56 Thorndike shows that Beaumont and Fletcher, in their dramatic romances, “sacrificed atmosphere, characterization, and verisimilitude in their eagerness to secure theatrical effectiveness… . . When the situations are made of chief importance, there can be no shading in characterization. All the people must be indubitably bad or indubitably good… . [Philaster] is at different moments an irresolute prince, a fervent lover, a jealous madman, and a coward who cannot fight; he is never a real individual.”

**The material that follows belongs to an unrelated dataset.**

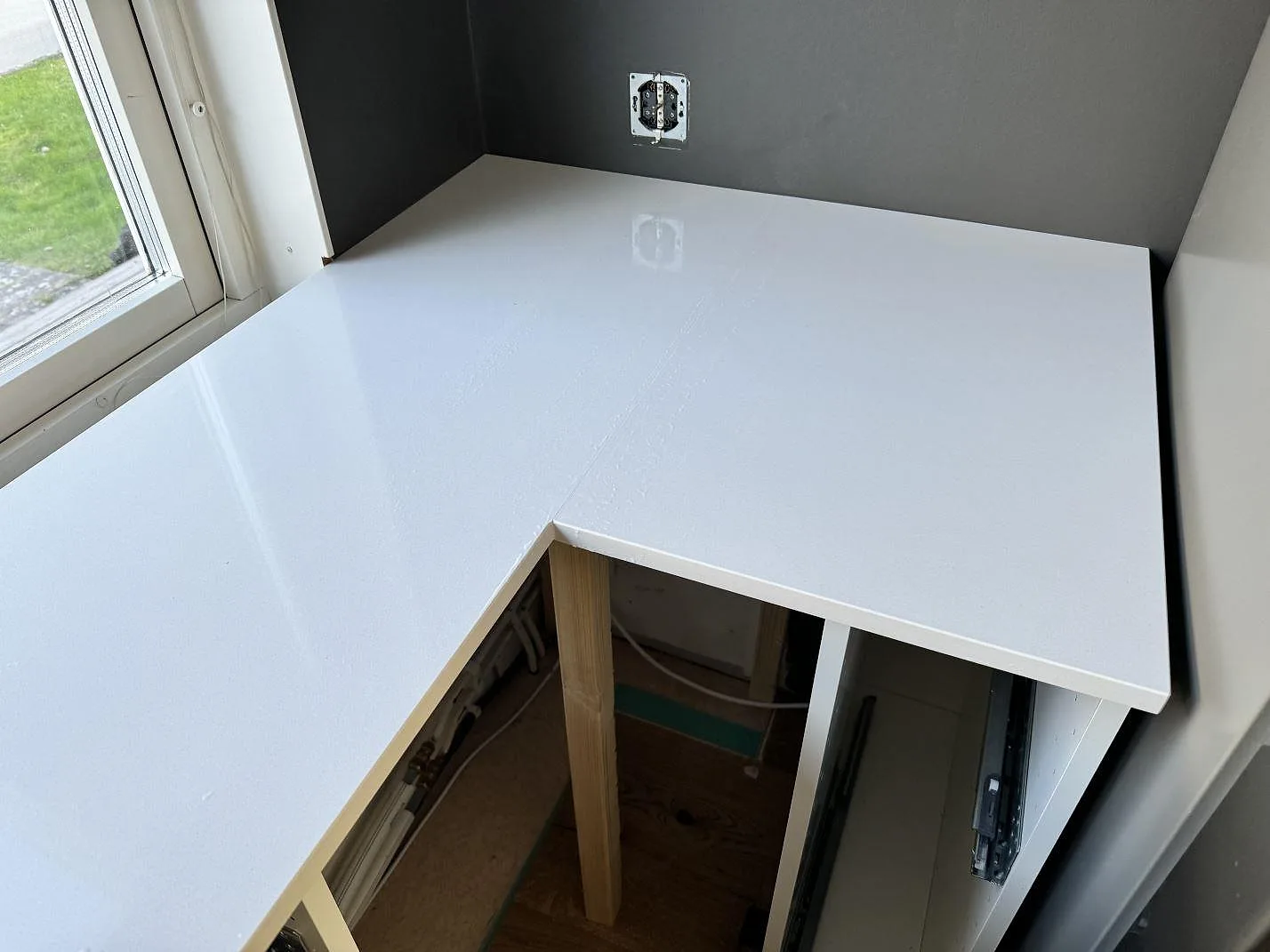 Køkkenbordplade i Silestone Miami White, Kungälv – billede 7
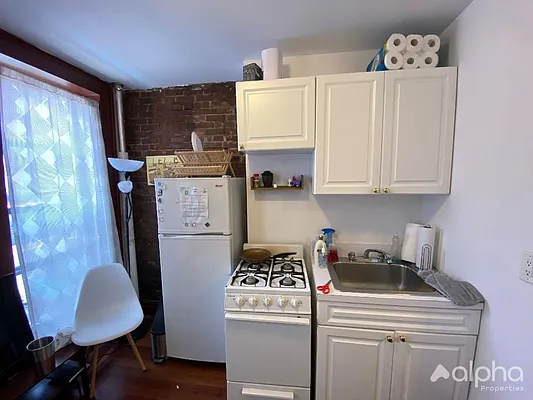 Rented by Alpha Properties NYC I LLC | media 24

Of the Shaksperean dramatic romances, produced, as Thorndike believes, under the influence of Beaumont and Fletcher, he says, “In characterization, no less than in plots, the romances show a marked difference from Shakspere's other plays. The characters show, above all, a surprising loss of individuality. They are less consistent, less subtly drawn, less plausibly human; they are more the creatures of stage situations. Their salient characteristics are exaggerated and emphasized by descriptions placed in the mouths of other persons.” (Cf. pp. 114-137.)

57 Thorndike maintains that “in comparison with the women in the early sentimental comedies, Rosalind, Beatrice, Portia and Viola, she lacks the details of characterization, the mannerisms which remind us of real persons, and suggest the possibility of portraiture. In comparison with these heroines, an analysis of Imogen's character fails to supply really individual traits; one is thrown back on a general statement of her perfectibility.” It seems to me that this hardly does Imogen justice. The question is, however, a difficult one to settle; the evidence is for the most part intangible, depending upon the subjective impressions of the critic.

58 Cf. Romeo and Juliet, Act III, Scene iii, 1. 109.